Entre los trece y los diecisiete años jugué a balonmano en las categorías de infantiles y juveniles. Desde entonces me sigue fascinando ese deporte y asisto como espectador siempre que puedo, que no es mucho.
Con quince años me rompí el brazo defendiendo un contraataque en el campo del Salesianos. En otra ocasión, la única, me expulsaron del partido por insultar al árbitro que previamente me había insultado a mí. Me metieron dos partidos de sanción. Al árbitro no.
Jugué la mayor parte del tiempo en el mismo equipo, aunque en los juegos escolares participé con el equipo de mi instituto y más tarde, en la universidad, cuando ya había abandonado la práctica habitual del balonmano, volví a retomarlo durante unos cuantos partidos. Habían cambiado algunas reglas y ya no estaban permitidas cosas que antes eran normales. Total, que en la primera jugada de mi nueva época balonmanística me mandaron a descansar durante dos minutos.
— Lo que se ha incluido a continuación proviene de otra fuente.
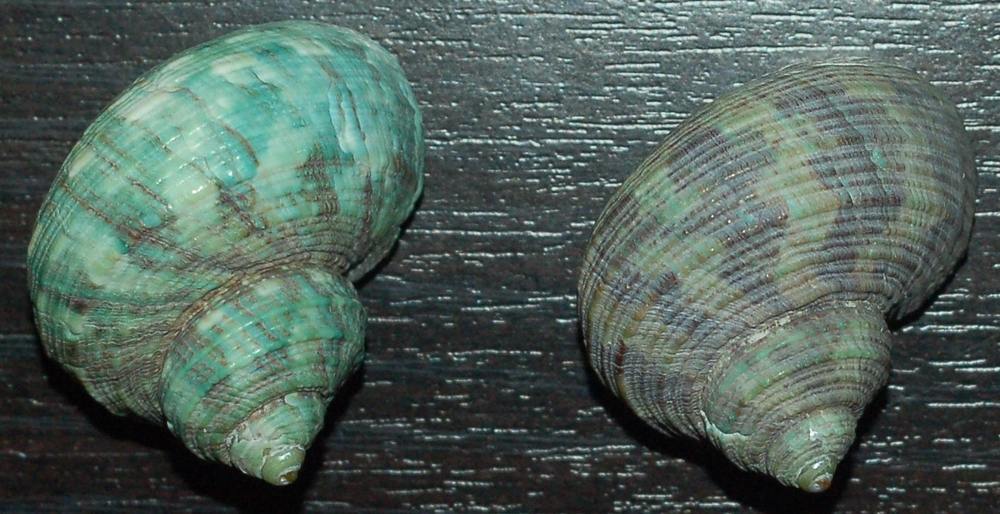 gasteropode dallo Stretto di Messina da determinare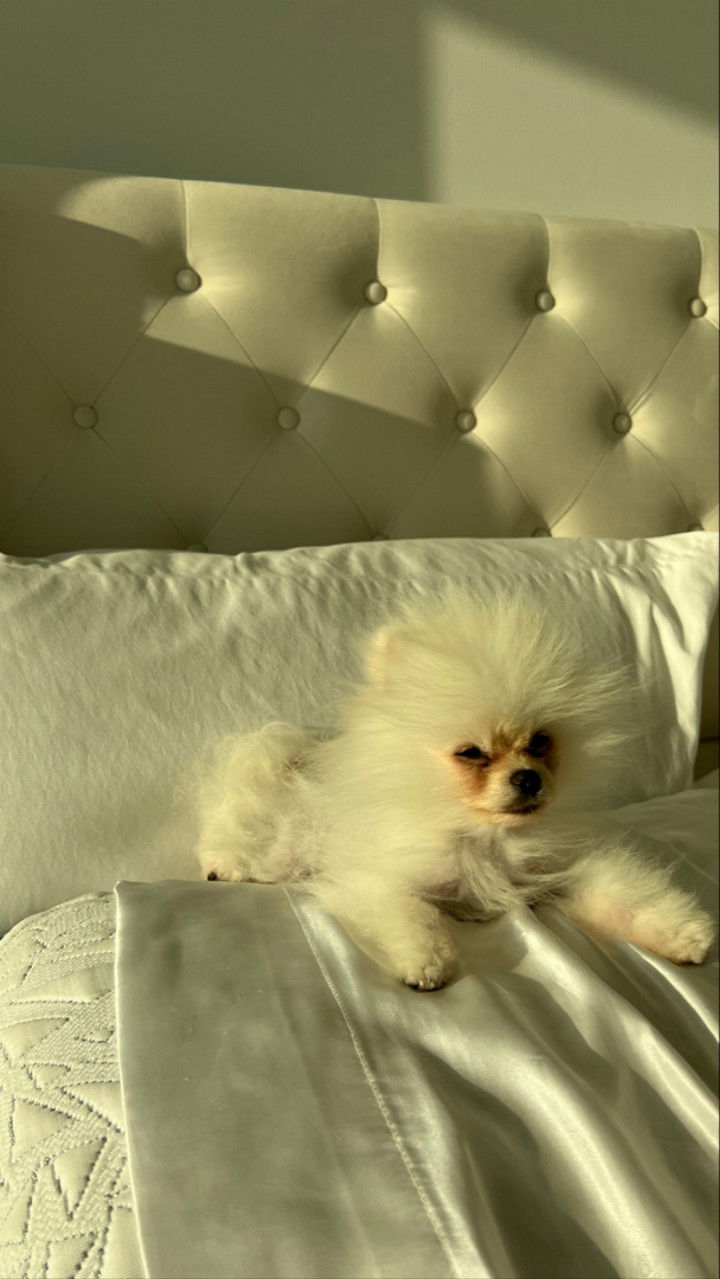 graceboor snapchat image archive image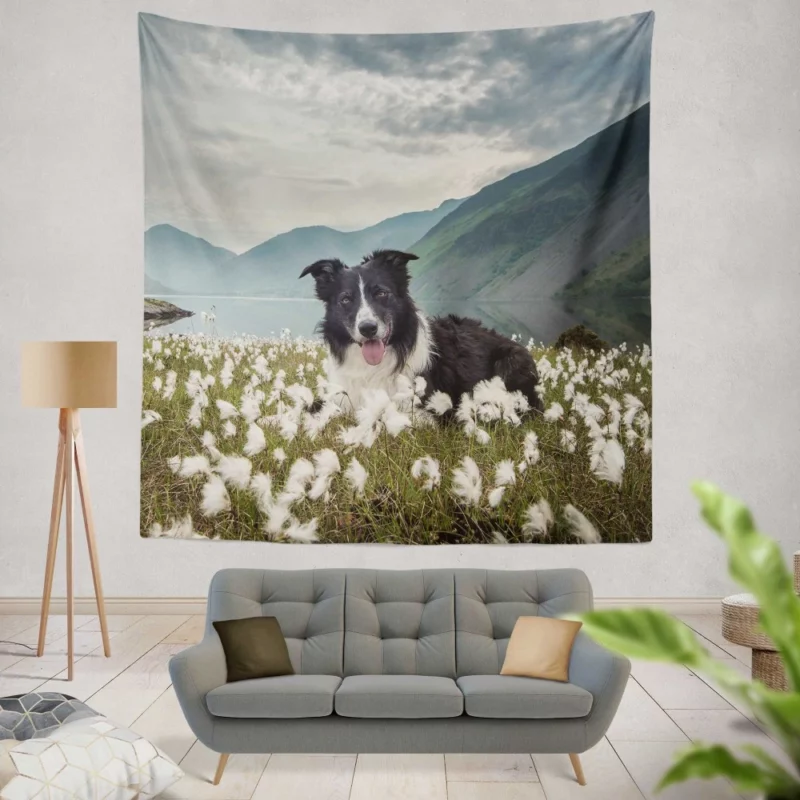 Border Collie Whimsical Waterside Moment Wall Hanging Tapestry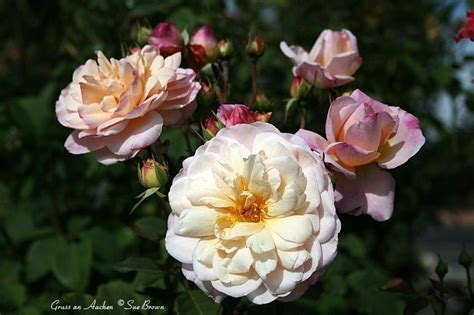 Plantfiles Pictures Floribunda Hybrid Tea Polyantha Rose Gruss An Aachen Rosa By Calif Sue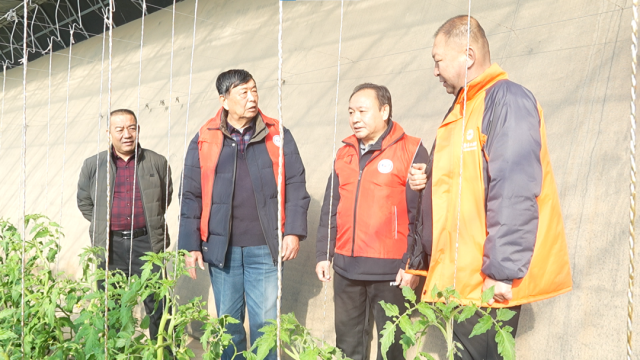 自治區(qū)專(zhuān)家深入一線送技術(shù)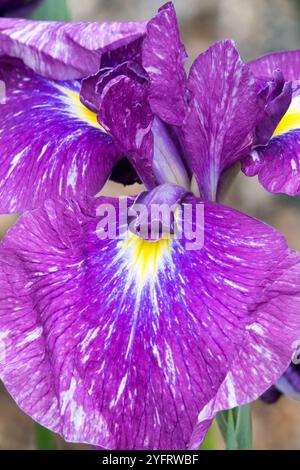 Iris d'acqua giapponese Iris fiore Iris kaempferi Iridaceae, Iris ensata "Geisha Mischief" Foto Stock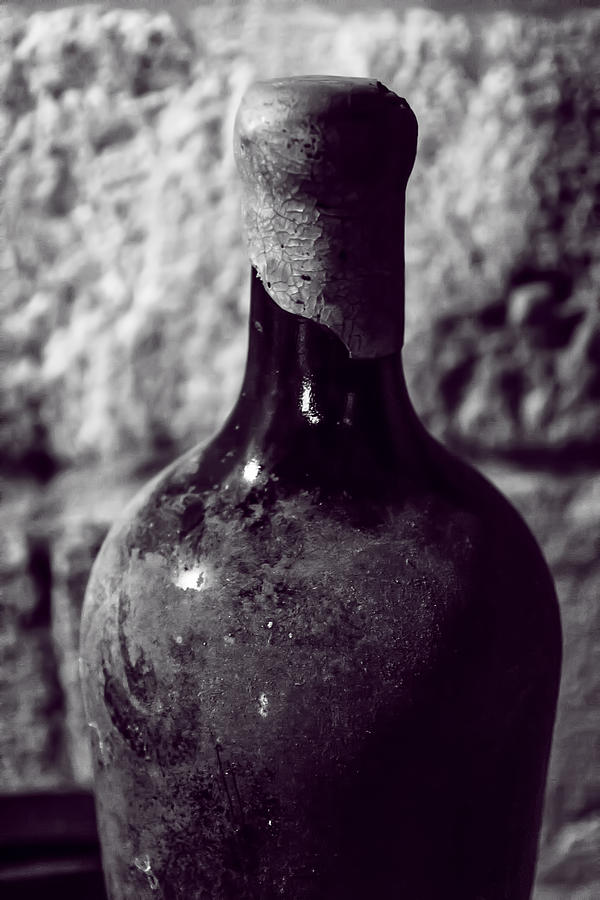 Dusty Vintage Wine Bottle Photograph by Georgia Clare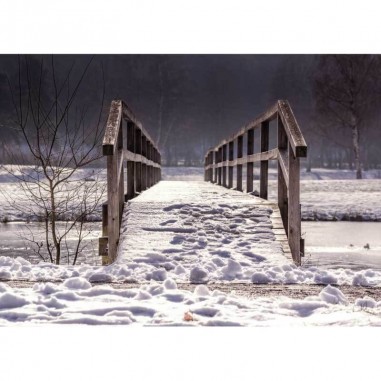 Πίνακας σε καμβά Χιονισμένη γέφυρα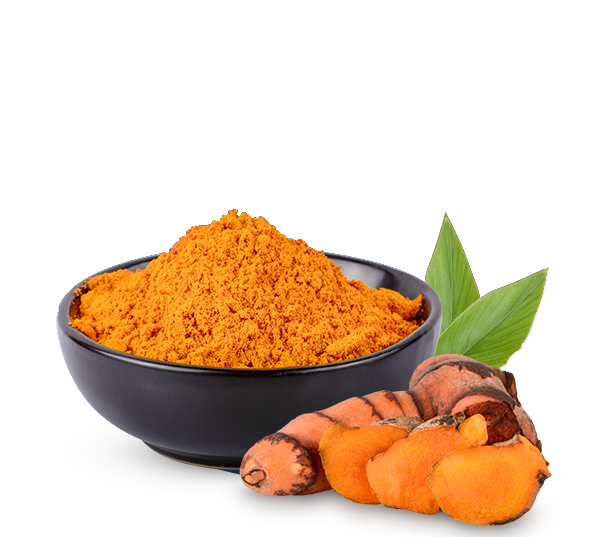 ESDT Food and Flavours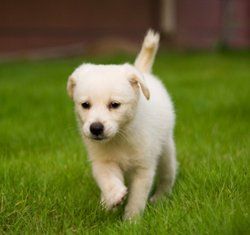 puppy running on grass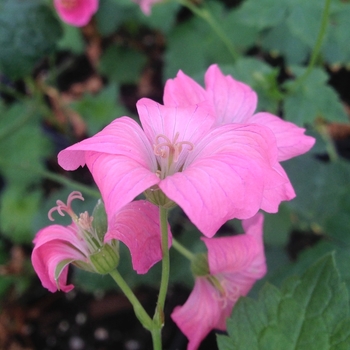 Geranium x oxonianum 'Wargrave Pink' 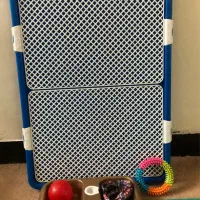 وسایل و ملزومات سگ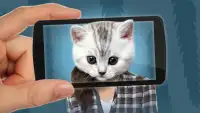 Escáner de la cara: Qué gato 2 Screen Shot 2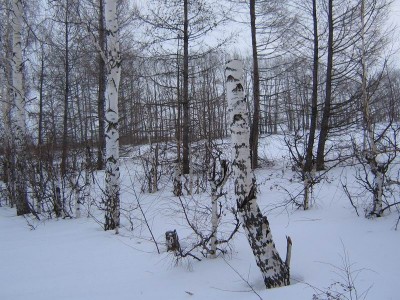 и пеньки выше роста человека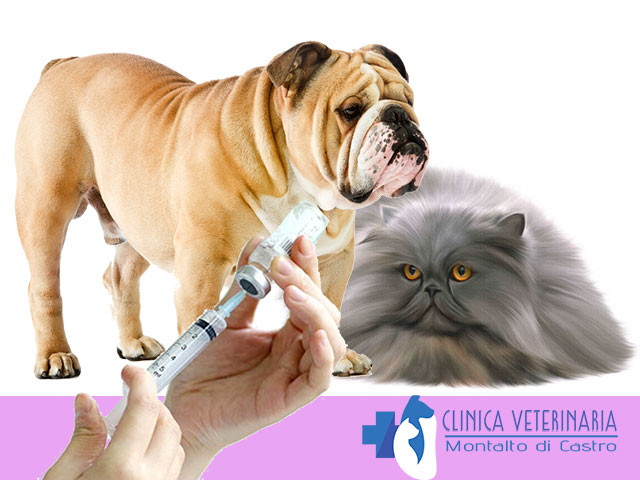 Vaccinazione Cani / Gatti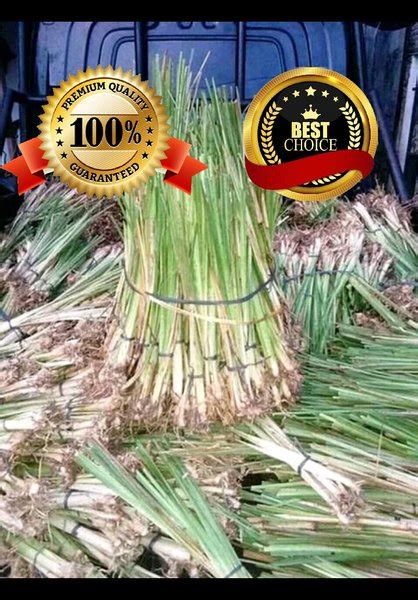 Jual Paket Batang Bibit Rumput Vetiver Akar Wangi Pencegah Erupsi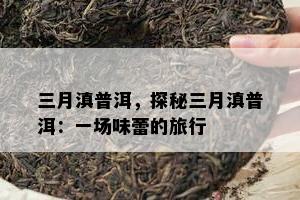 三月滇普洱，探秘三月滇普洱：一场味蕾的旅行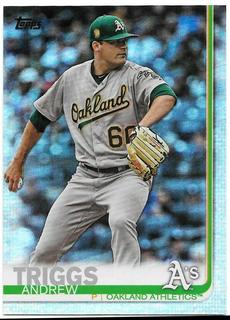 Andrew Triggs
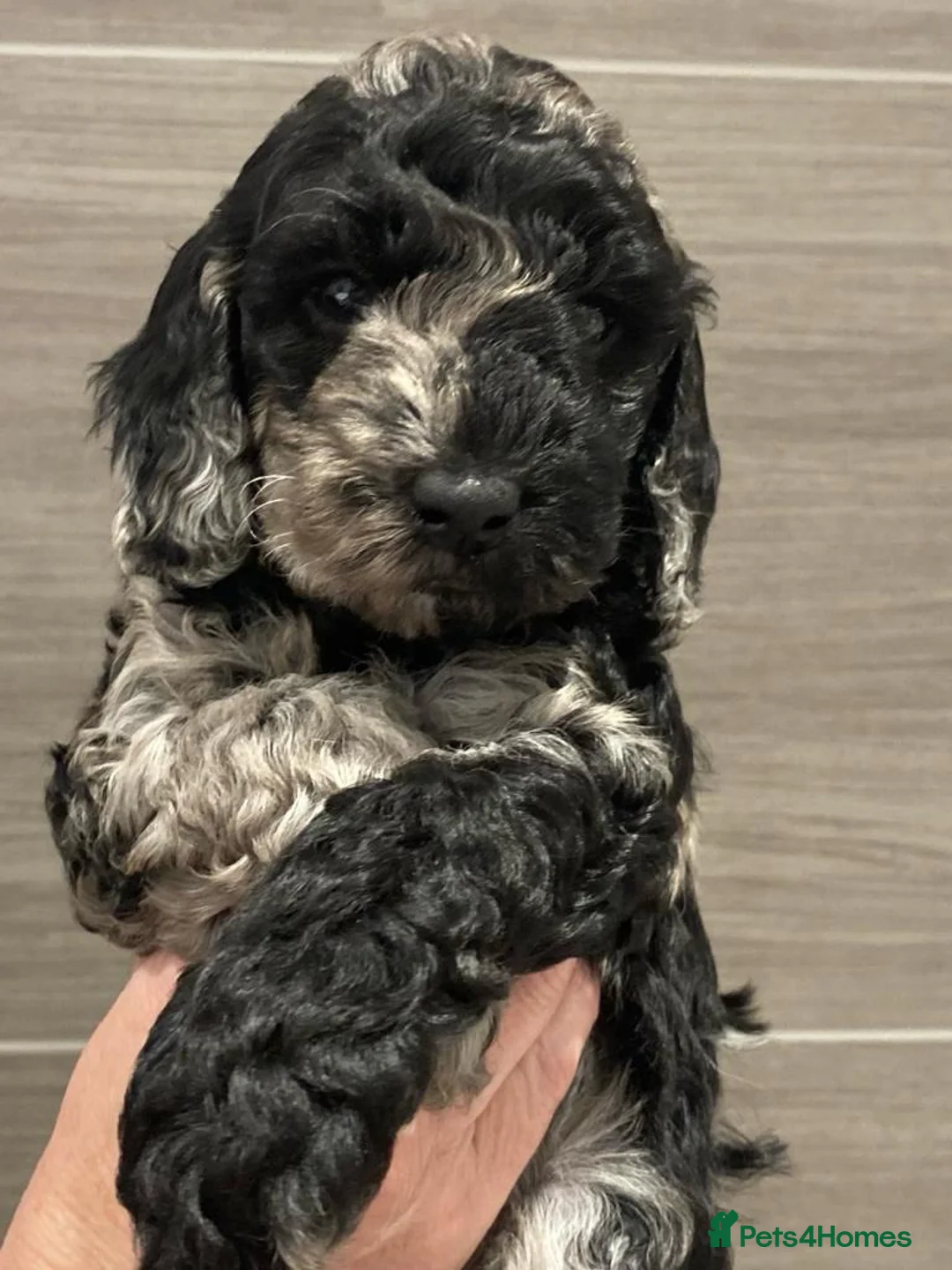 Miniature Poodle dogs for stud: Blue Merle Miniature Poodle (PROVEN) Health Tested in Sunderland - Advert 9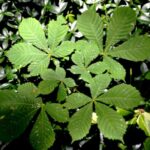 Comment multiplier le marronnier ?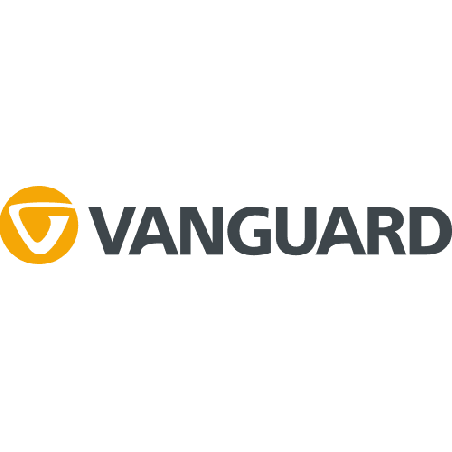 Logo Vanguard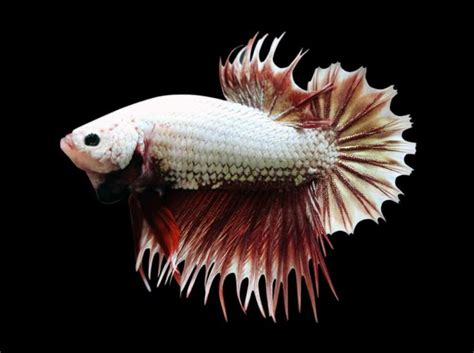 Dropsy in Betta Fish - Symptoms And Treatment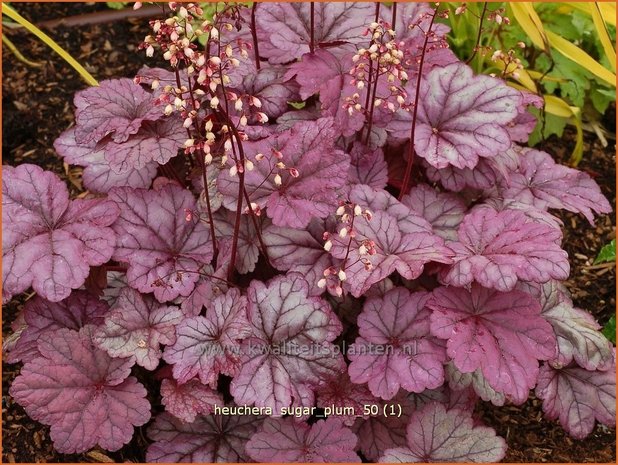 Heuchera 'Sugar Plum' | Purperklokje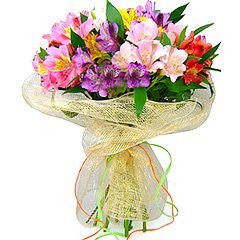  Colorido e suntuoso bouquet confeccionado com alstroemérias importadas coloridas e embalado em tela de fibra importada exclusiva Florencanto. 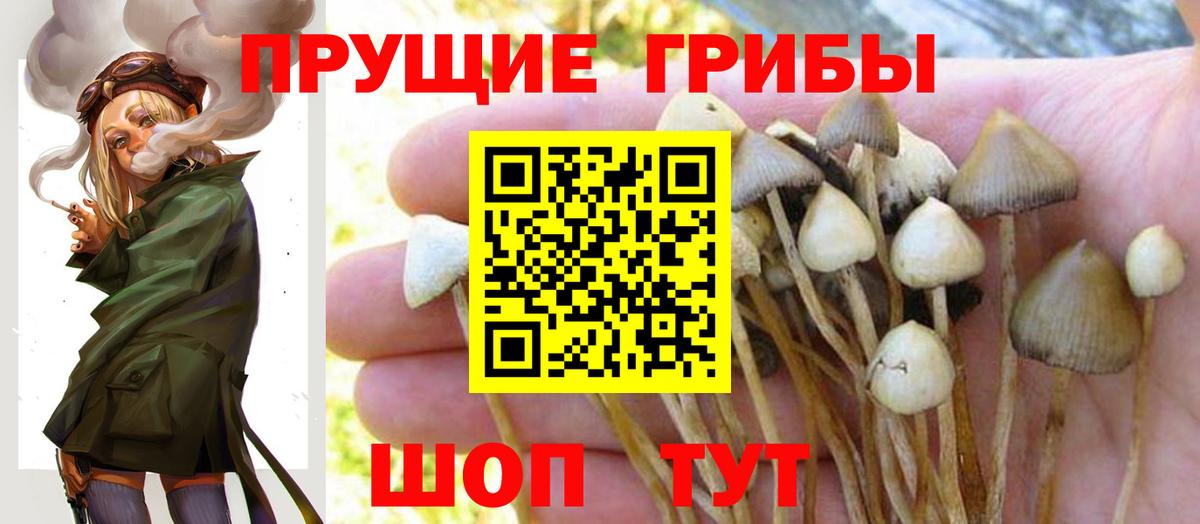 Псилоцибиновые грибы GOLDEN TEACHER Домодедово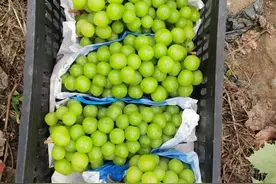 极目帮办|B2B平台上卖阳光玫瑰每斤仅1元多，农户只能亏本卖，相关部门：后续会继续调查图片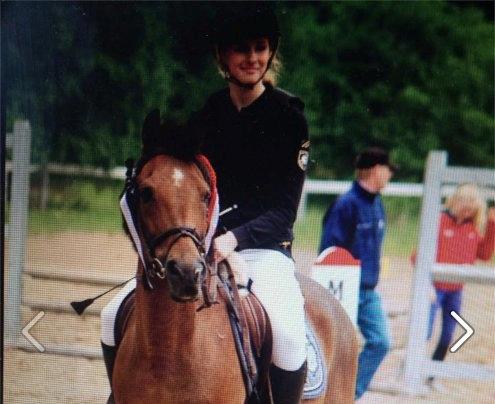 New Forest Brinkhofs Phantom (tidl. springpart) billede 4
Después aprendí.
Para entonces ya había aprendido otras particularidades. Sobre todo a perder. También que cualquier deporte es un juego y que la diferencia entre la victoria y la derrota (otros dirían la gloria y el fracaso, pero yo no) estriba muchas veces en un centímetro, en un segundo o en una casualidad. Por eso todo es relativo y sumamente aleatorio. Quienes hablan de vida o muerte son los que acuden al deporte con un talonario de cheques en la mano o los que lo sienten como la supremacía de la patria, aunque las patrias no sean otra cosa que espejismos.
Mientras tanto, me alegro cuando ganan mis equipos favoritos, pero también soy capaz de disfrutar de un encuentro como una demostración más de las bellas artes. Sin más. Pero tampoco menos.